• **WORK INSTRUCTION**: Your copy should contain exactly the lines from the one that holds "1000W Juicer Machine" through the end of the material, reproduced as written, with no pictures.

• **AVAILABLE DATA**:
┏━━

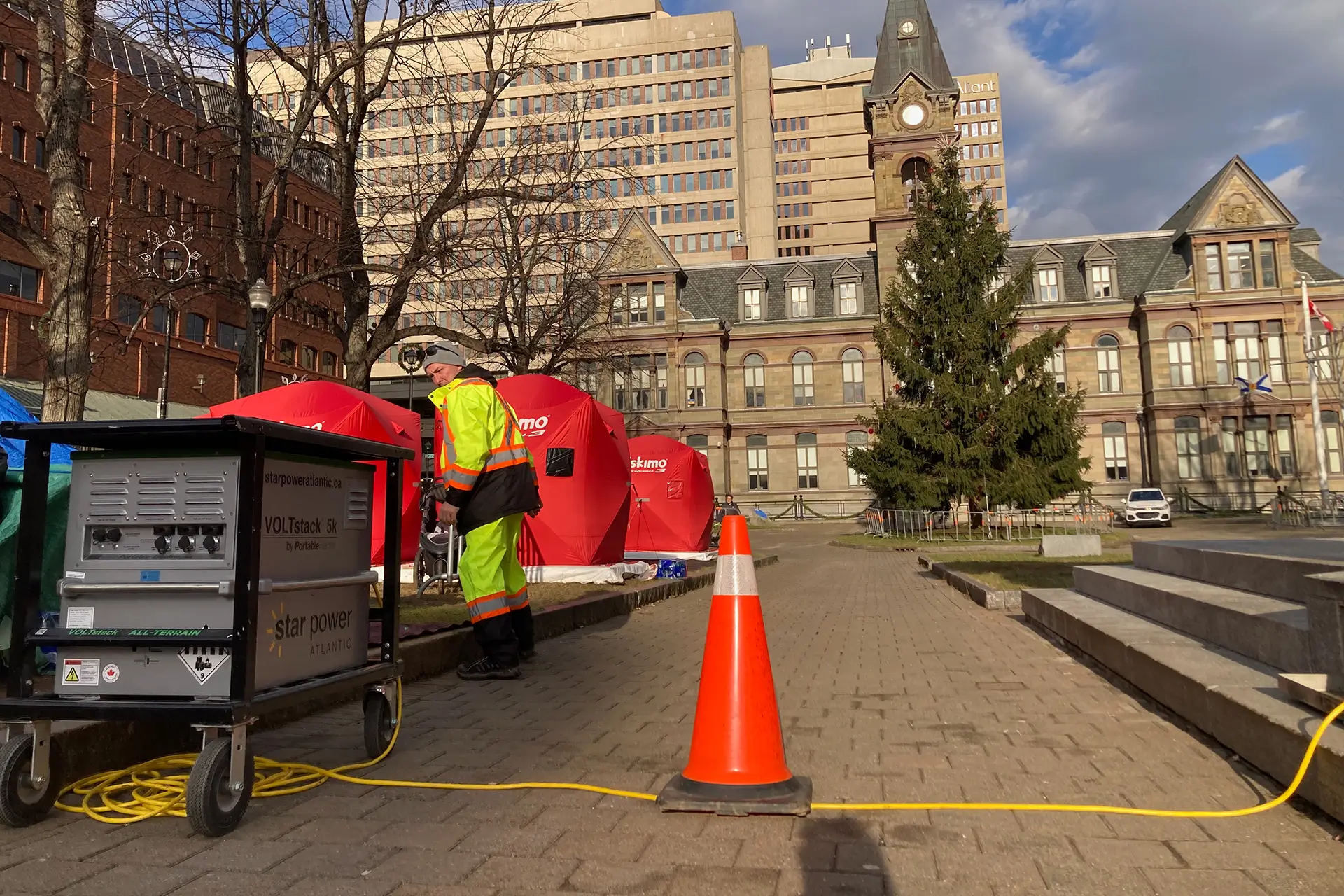 Star Power Atlantic Voltstack 5k Portable Battery Energy Storage System (BESS) at an emergency response site in Canada
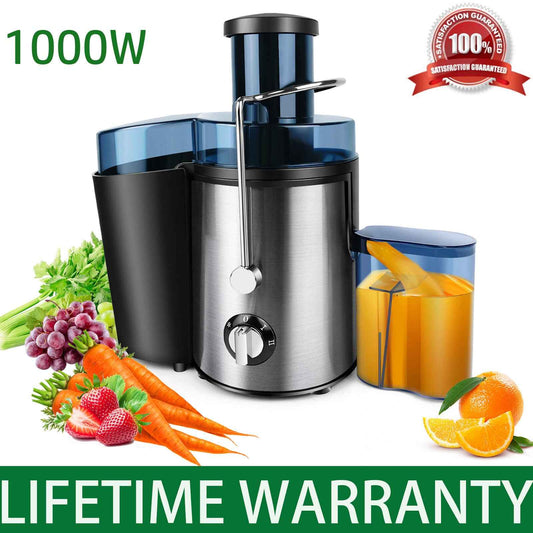 1000W Juicer Machine Whole Fruit and Vegetable Juice Extractor Stainless Steel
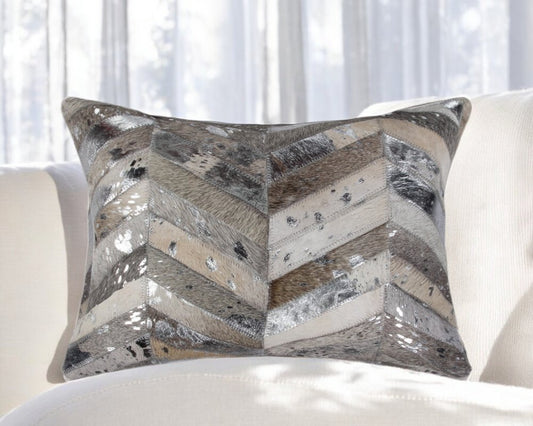 12" X 20" Gray and Silver Chevron Cowhide Lumbar Throw Pillow with Glitter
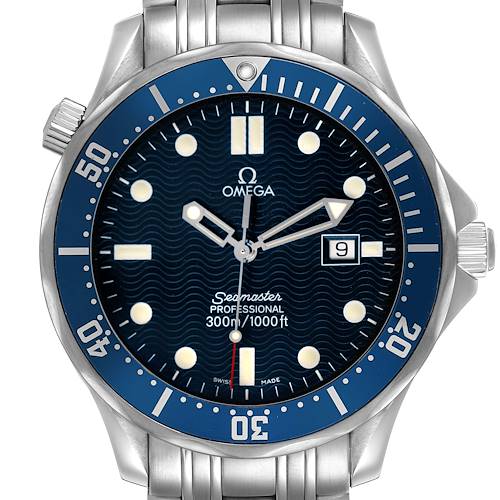 This image shows a front view of the Omega Seamaster 2541.80.00 Men's Stainless Steel Blue Dial watch, displaying the dial, bezel, hands, crown, and bracelet.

┗━━

• **ANSWER TO THIS TASK**:
 1000W Juicer Machine Whole Fruit and Vegetable Juice Extractor Stainless Steel
 12" X 20" Gray and Silver Chevron Cowhide Lumbar Throw Pillow with Glitter
 This image shows a front view of the Omega Seamaster 2541.80.00 Men's Stainless Steel Blue Dial watch, displaying the dial, bezel, hands, crown, and bracelet.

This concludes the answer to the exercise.